As soon as the line containing "549 Ridgewood Lane" appears in the material below, start returning lines exactly, and end with the line containing "Exempel på ett".

Start of Information shown

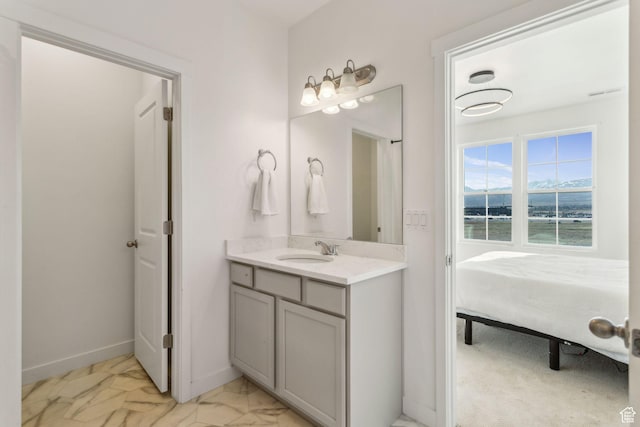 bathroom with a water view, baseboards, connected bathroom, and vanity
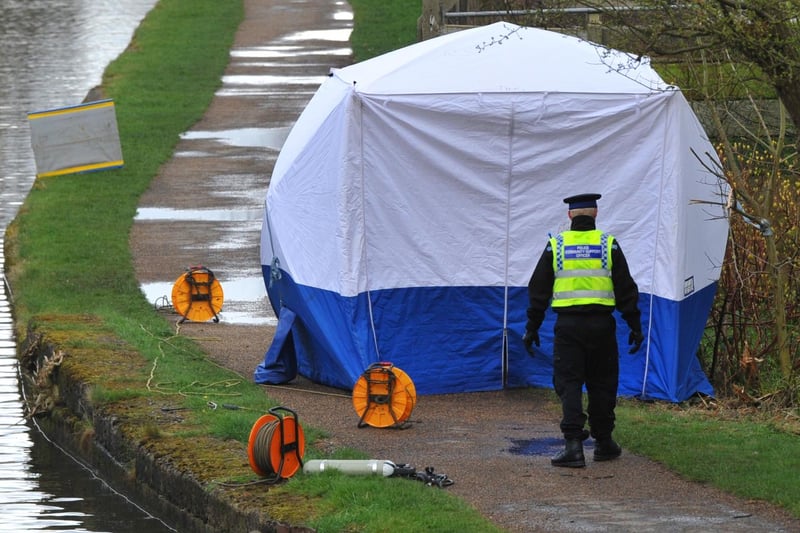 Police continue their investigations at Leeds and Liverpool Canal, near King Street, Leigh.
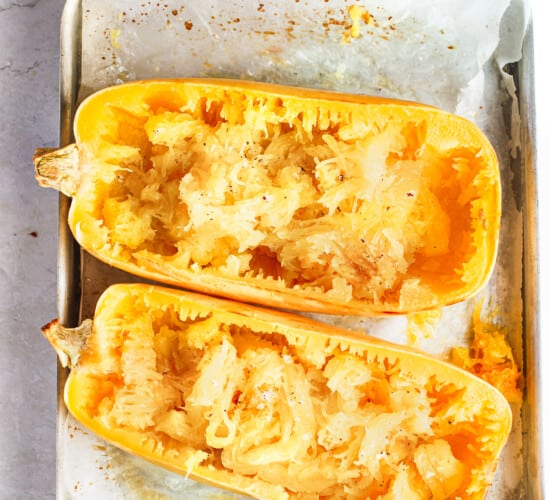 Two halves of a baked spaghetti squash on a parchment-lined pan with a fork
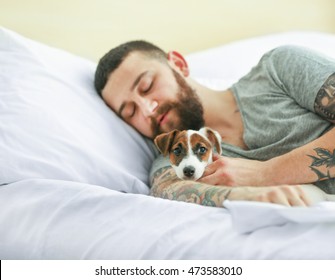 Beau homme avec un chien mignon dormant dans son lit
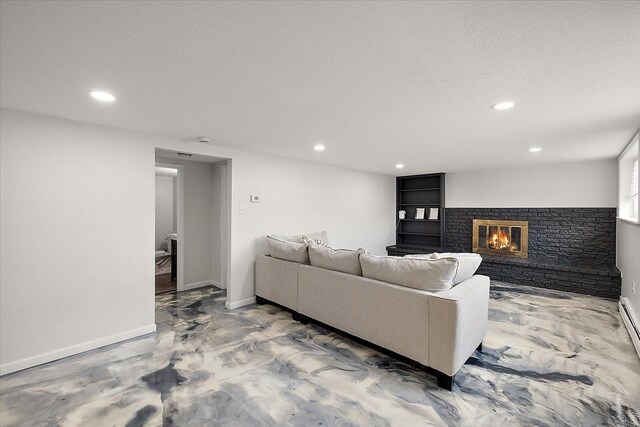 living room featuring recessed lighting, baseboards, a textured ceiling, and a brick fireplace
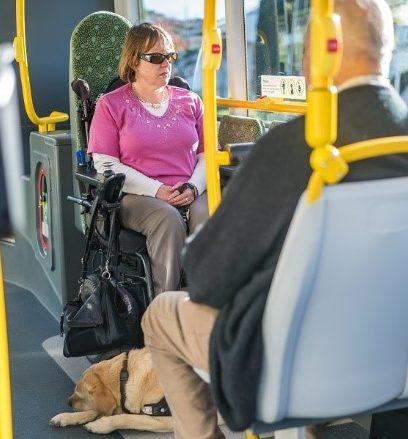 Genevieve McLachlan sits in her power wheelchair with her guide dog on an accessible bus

End of Information shown
Start of Information shown

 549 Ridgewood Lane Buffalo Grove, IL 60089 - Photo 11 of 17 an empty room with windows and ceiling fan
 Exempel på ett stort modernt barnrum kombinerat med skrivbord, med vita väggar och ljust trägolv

End of Information shown

→ **Answer box**:
 549 Ridgewood Lane Buffalo Grove, IL 60089 - Photo 11 of 17 an empty room with windows and ceiling fan
 Exempel på ett stort modernt barnrum kombinerat med skrivbord, med vita väggar och ljust trägolv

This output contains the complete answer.